We reach David LaChapelle at his lodgings near the Red Sea in the early evening last week. He’s there for work, but stole away to swim in the sea and take in the splendor of the coral reef. “It was incredible,” he says, quietly awestruck.
Despite taking our call at the end of a long day, he looks particularly fresh-faced and his mind is nimble, unspooling the history and concepts behind a decades-long body of work with total recall. He seems ageless.
Which all makes it surreal that this spry booked-and-busy artist is traveling to Orlando next week to be on hand for the opening of a new retrospective exhibition, As the World Turns, that spans the entirety of a career that started in the 1980s shooting for Andy Warhol’s seminal Interview magazine. LaChapelle, however, is unfazed about getting the retrospective treatment.
“I’ve been taking pictures for so long.
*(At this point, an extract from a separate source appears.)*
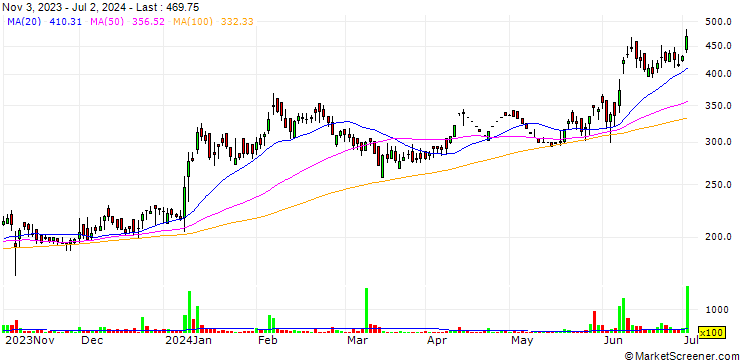 Chart POCL Enterprises Limited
I started when I was 19. So I spent over 43 years, yeah, so it feels like the right time to do it,” he says. “Even though we’re still doing work. I’d like to think of it as a mid-career kind of thing.”
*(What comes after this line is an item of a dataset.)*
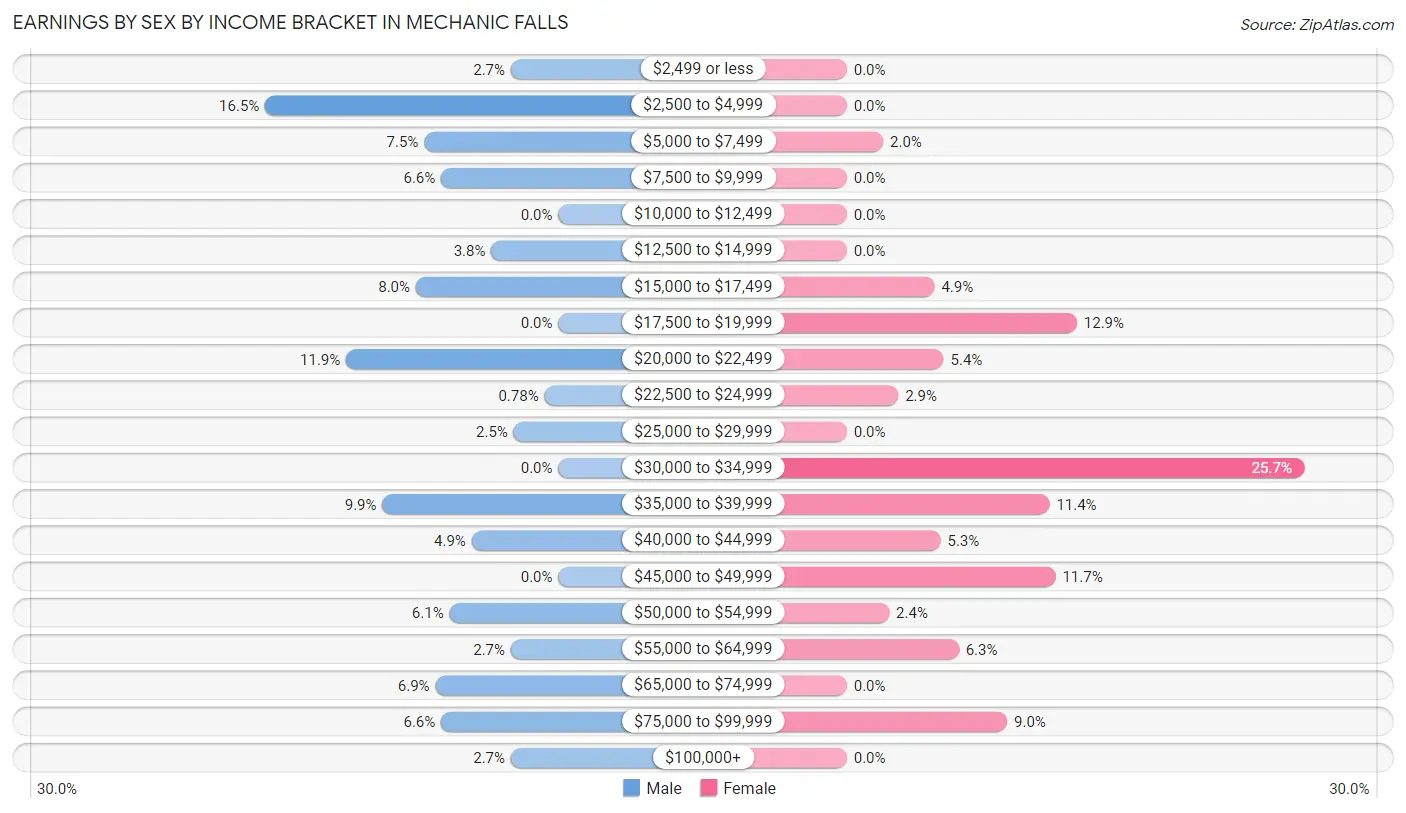Earnings by Sex by Income Bracket in Mechanic Falls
David LaChapelle: As the World Turns — opening Saturday — will reportedly be the largest U.S. museum retrospective of his works to date, presenting more than 100 pieces of art.
The work featured in As the World includes well-known and fantastical portraits of the likes of Amy Winehouse, David Bowie, Madonna, Muhammad Ali, Charli XCX, Tupac Shakur and Doja Cat, as well as fashion editorials, early religious-themed works and some new, previously unseen pieces.

LaChapelle has characterized it as almost a group exhibition, because it follows so many distinct chapters of his long career. So many David LaChapelles, if you will.
“There’s so many different themes and things I’ve explored, from the very escapist and absurdist, surreal — I call it the shallow end of the pool — the more fashion-oriented stuff, or the portraits of pop stars. And then you have the deeper work that deals with my friends dying of AIDS, social issues, climate change, the flood of the future,” he says. “There are so many different things that I’m obsessed with. And the way I get that obsession out is to just make a photograph of it, to create art out of it and then I can sleep better at night once I’ve exorcised it out of my system.”
Religion is a theme that continually resurfaces in LaChapelle’s work, both new and old — the exorcism won’t take, it would seem. We ask him about formative portraits from the 1980s of friends and lovers dying of AIDS, taken right at the beginning of the AIDS crisis. This was arguably the start of an activist streak running throughout LaChapelle’s work, also taking in the “kissing sailors” shot taken during the World War II peace celebration in 1995, to the “House at the End of the World” and “After the Deluge” photos both from the early 2000s that vividly address climate change.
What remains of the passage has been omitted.